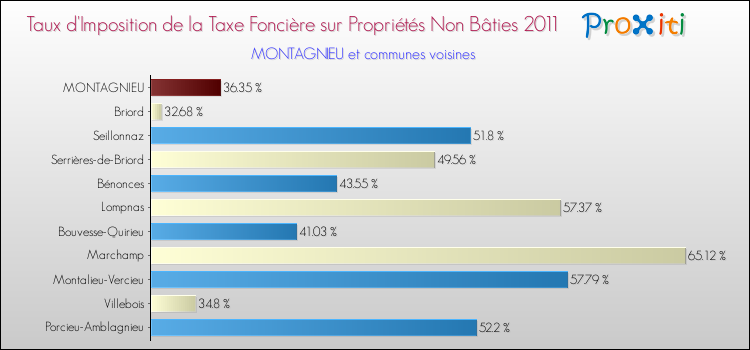 Taux d'imposition de la taxe foncière sur les immeubles et terrains non batis 2011 pour MONTAGNIEU et les communes proches Comparaison des taux d'imposition de la taxe foncière sur les immeubles et terrains non batis 2011 pour MONTAGNIEU et les communes voisines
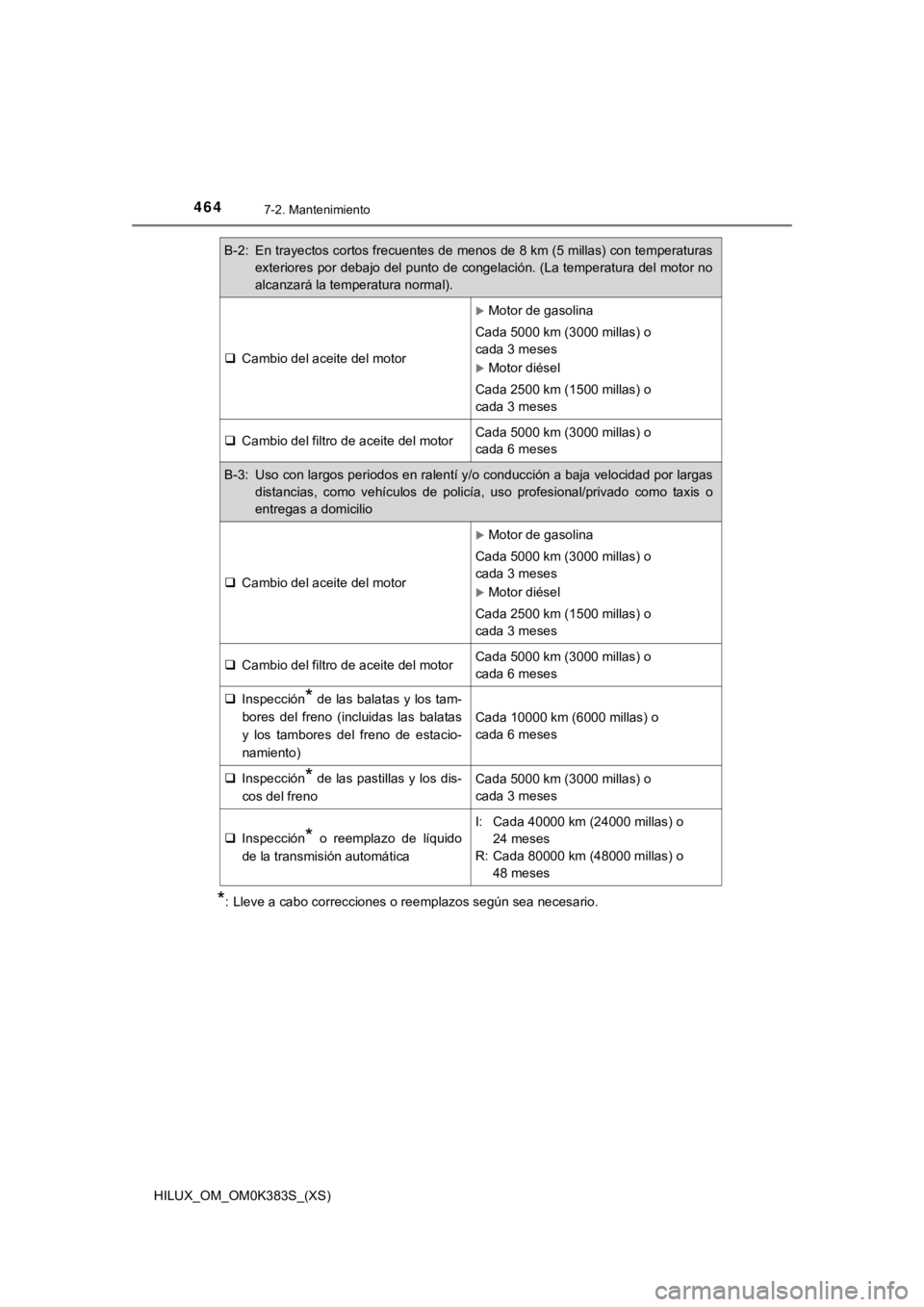 TOYOTA HILUX 2019  Manual del propietario (in Spanish) 464
HILUX_OM_OM0K383S_(XS)
7-2. Mantenimiento
*: Lleve a cabo correcciones o reemplazos según sea necesario.
B-2: En trayectos cortos frecuentes de menos de 8 km (5 millas) con temperaturas
exteriore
----------------------------------------
▸ Task instructions
All lines from the one containing "B-2: En trayectos" through the final line of the records above are to be set down exactly, and no other line is to appear.

▸ Expected answer
B-2: En trayectos cortos frecuentes de menos de 8 km (5 millas) con temperaturas
exteriore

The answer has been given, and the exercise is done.